# My 75 planted tank



## Ultimbow (Sep 10, 2005)

Tell me what you think


----------



## fishman9809 (Feb 4, 2008)

1 thing to say.....wow


----------



## Carlos1583 (Jul 7, 2006)

Jesus H. Christ! That's awesome.


----------



## Tex Gal (Nov 1, 2007)

That's really beautiful!


----------



## cs_gardener (Apr 28, 2006)

Well done! While the plants are healthy and lush and pleasingly arranged, you've kept them simple enough to allow the discus to be the stars of the show. And those discus are stunning!


----------



## Scipio (Feb 18, 2008)

Now thats a beauty!!!


----------



## bratyboy2 (Feb 5, 2008)

JEALOUS:heh:


----------



## helgymatt (Sep 12, 2007)

Looks great! what are the specs of that tank?


----------



## Ultimbow (Sep 10, 2005)

specs of the tank 

temp 84 day 82 at night
light 4x 54w t5 2 powerglow 2 lifeglow with reflector 12 hrs
ph 6.6 
Presurize co2 with milwaukee controller
Undergravel heater 125w. (Made a big Differce on my crypto and big rooted plant)
Eheim biofiltraion
1/3 to 1/2 water change once a week when i am able to 
basic fertilization npk once a week and liquid iron every 2 day help a lot on red plant

That about it i guess if you have any other quetion don't be afraid i will be more then happy to anser.

Have all a great Day.


----------



## Afyounie (Aug 10, 2007)

Could you take more pics? I really want to see more of this tank and how it looks from other angles. Beautiful tank.


----------



## manifresh006 (Jul 20, 2007)

Very NICE!!!


----------



## Ultimbow (Sep 10, 2005)

Her are the picture in difrent angle


----------



## fishman9809 (Feb 4, 2008)

holy crap !!!!! What brand tank is that?


----------



## bratyboy2 (Feb 5, 2008)

ITS THE ALL GLASS WAVE TANK they are neat but are not cheap lol i love the tank the angles are hard to scape with and you had no prob very impressive i like it


----------



## Ultimbow (Sep 10, 2005)

fishman9809 said:


> holy crap !!!!! What brand tank is that?

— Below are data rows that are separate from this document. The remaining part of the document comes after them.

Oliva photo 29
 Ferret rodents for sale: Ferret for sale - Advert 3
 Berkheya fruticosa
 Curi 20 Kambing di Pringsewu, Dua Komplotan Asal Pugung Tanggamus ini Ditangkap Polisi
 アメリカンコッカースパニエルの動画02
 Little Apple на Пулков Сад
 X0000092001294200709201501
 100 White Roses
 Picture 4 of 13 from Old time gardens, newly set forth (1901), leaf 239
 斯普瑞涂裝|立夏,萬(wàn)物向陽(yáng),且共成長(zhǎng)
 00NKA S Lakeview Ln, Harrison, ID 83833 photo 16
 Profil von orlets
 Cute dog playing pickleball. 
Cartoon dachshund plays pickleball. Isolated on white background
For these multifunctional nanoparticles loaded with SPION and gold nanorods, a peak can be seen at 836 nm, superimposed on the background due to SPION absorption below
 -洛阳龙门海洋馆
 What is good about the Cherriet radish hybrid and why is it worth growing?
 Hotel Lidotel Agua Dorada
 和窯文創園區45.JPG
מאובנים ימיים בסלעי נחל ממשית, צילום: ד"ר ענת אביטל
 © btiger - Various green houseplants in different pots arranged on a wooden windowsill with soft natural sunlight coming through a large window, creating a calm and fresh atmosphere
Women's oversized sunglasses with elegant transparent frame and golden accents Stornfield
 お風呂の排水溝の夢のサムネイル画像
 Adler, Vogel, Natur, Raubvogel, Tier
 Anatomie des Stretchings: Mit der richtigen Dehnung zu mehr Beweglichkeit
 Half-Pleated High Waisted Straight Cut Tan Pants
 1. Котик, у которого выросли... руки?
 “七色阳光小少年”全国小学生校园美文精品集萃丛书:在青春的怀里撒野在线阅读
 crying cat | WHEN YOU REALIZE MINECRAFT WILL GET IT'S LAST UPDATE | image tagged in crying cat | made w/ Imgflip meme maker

This is a tank made by mp a branche of eheim

Yes all glass and yes this tank was not cheap But like my boss say we are to poor to buy it twice (got specail insurance for it if it leek ok brake i get a brand new one plus equipment is replace if damage by water damage) but in my personal opignion more than worth it. To scape it it was triky in the begining but now know how to work with the curves. (No more migraine just small headach )

Thanks for all the nice comment every body din't expect that much 

you can go see the processe of creation there to see how bad it was to now.

http://www.aquaticplantcentral.com/forumapc/aquascaping/45801-here-begining-my-new-baby-journal.html


----------



## bratyboy2 (Feb 5, 2008)

still love it very much


----------